• _WHAT YOU HAVE TO DO_
Below are entries. Give back exactly the lines from the one containing "Side of a green" through the one containing "Comfort Apartment, Balcony, Garden", inclusive, without the pictures.

(Beginning of DATA FOR REVIEW)

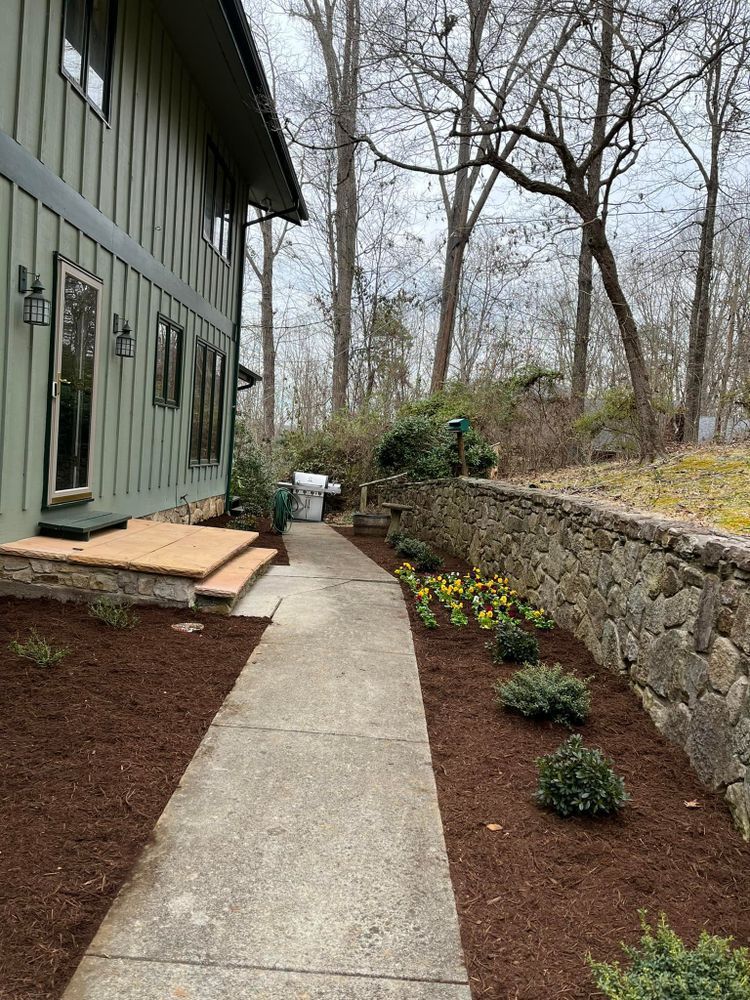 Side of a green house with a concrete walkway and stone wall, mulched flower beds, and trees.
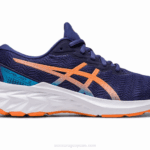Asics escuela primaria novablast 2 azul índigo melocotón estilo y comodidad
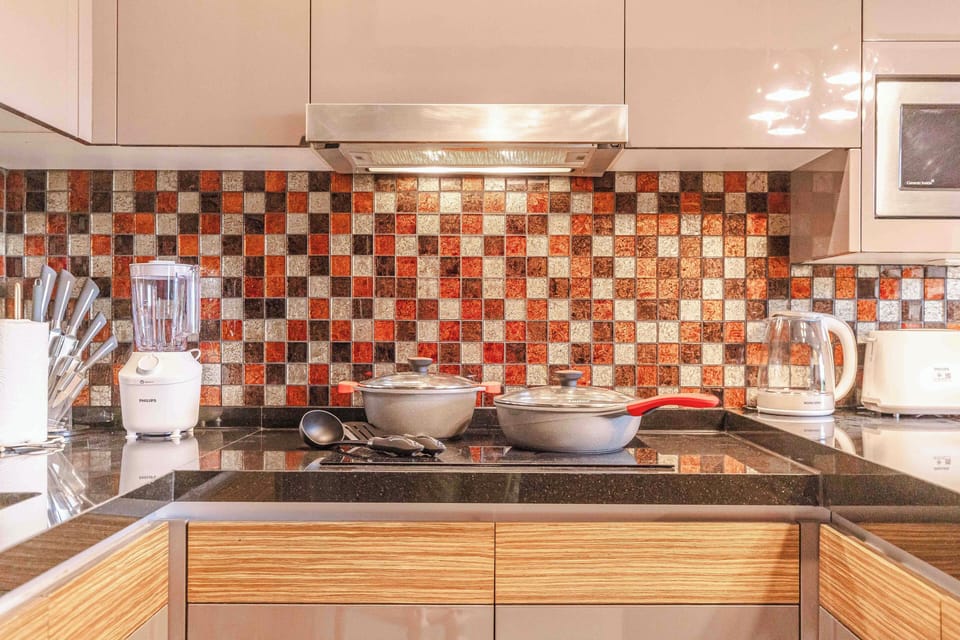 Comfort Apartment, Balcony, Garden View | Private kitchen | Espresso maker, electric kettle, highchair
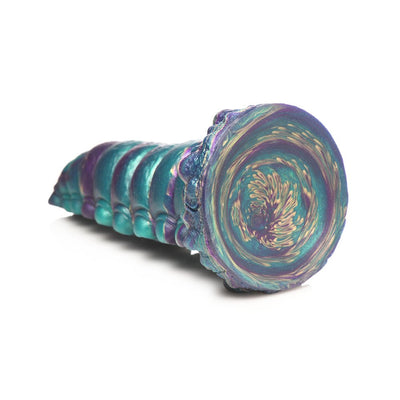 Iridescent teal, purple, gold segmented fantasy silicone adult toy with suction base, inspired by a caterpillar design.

(End of DATA FOR REVIEW)
(Beginning of DATA FOR REVIEW)

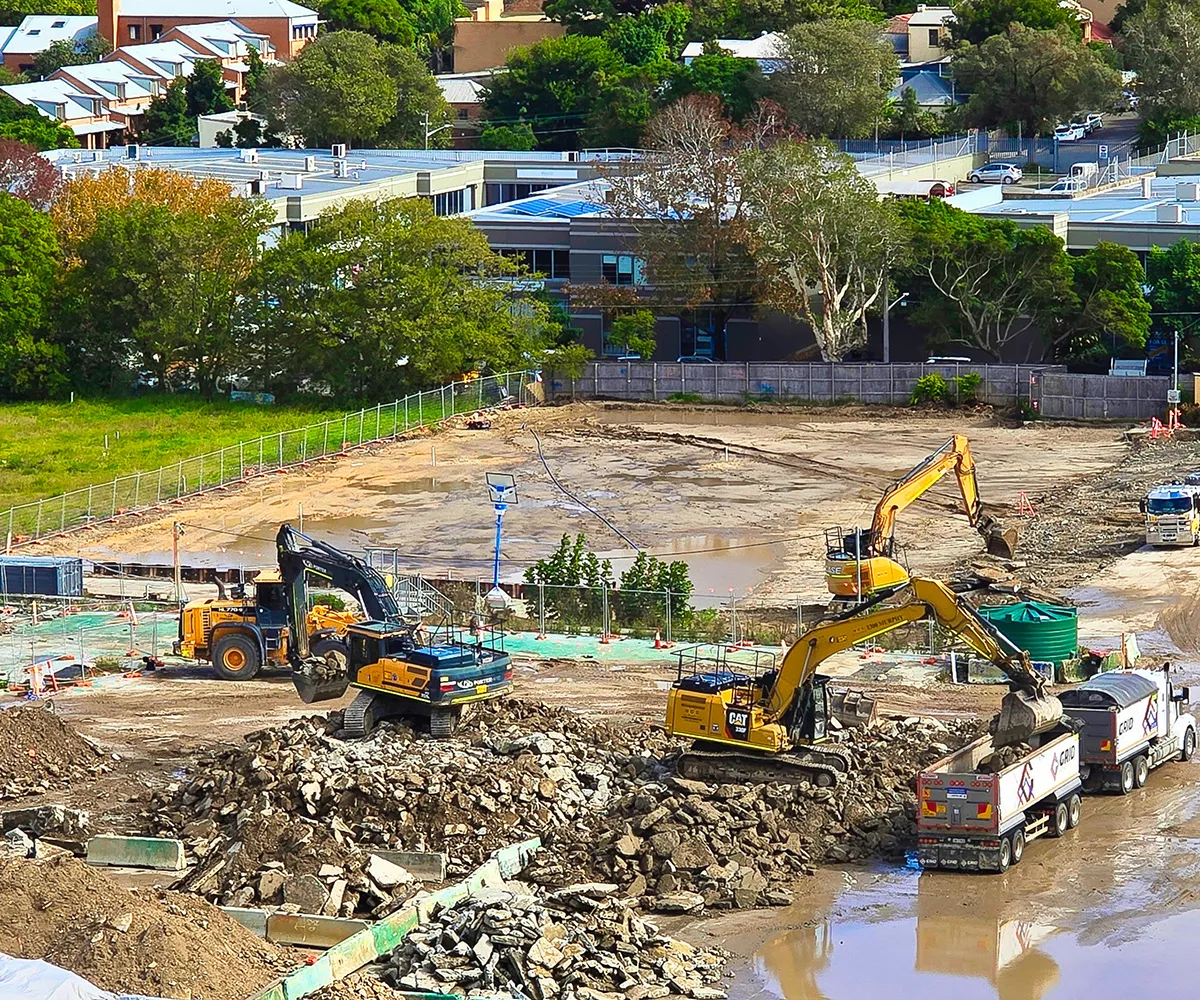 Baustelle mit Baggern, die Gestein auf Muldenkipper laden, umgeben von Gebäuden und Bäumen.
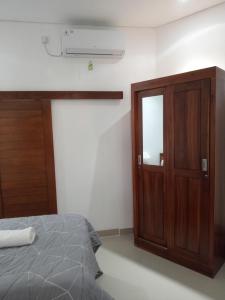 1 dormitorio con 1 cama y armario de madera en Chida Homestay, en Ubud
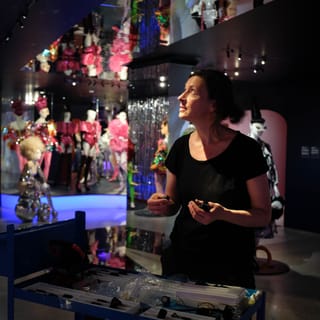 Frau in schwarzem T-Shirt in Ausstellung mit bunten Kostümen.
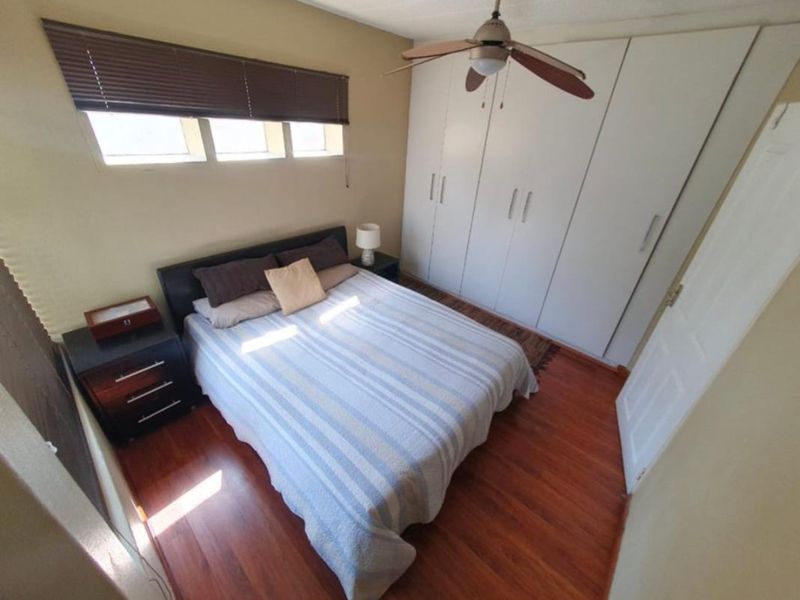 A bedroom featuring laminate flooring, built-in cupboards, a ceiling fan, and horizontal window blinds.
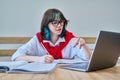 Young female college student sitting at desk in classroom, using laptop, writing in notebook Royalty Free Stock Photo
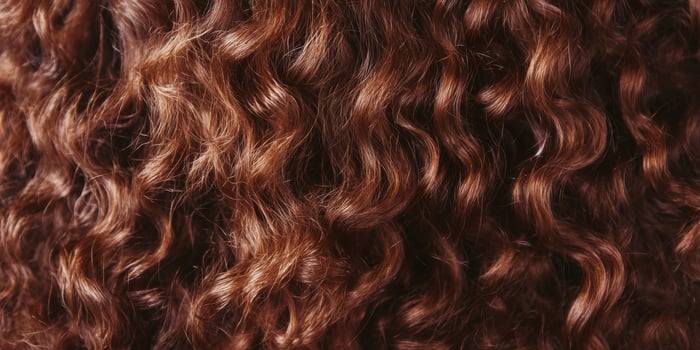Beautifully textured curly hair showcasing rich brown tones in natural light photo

(End of DATA FOR REVIEW)

• _OUTPUT FOR THIS TASK_
 Side of a green house with a concrete walkway and stone wall, mulched flower beds, and trees.
Asics escuela primaria novablast 2 azul índigo melocotón estilo y comodidad
 Comfort Apartment, Balcony, Garden View | Private kitchen | Espresso maker, electric kettle, highchair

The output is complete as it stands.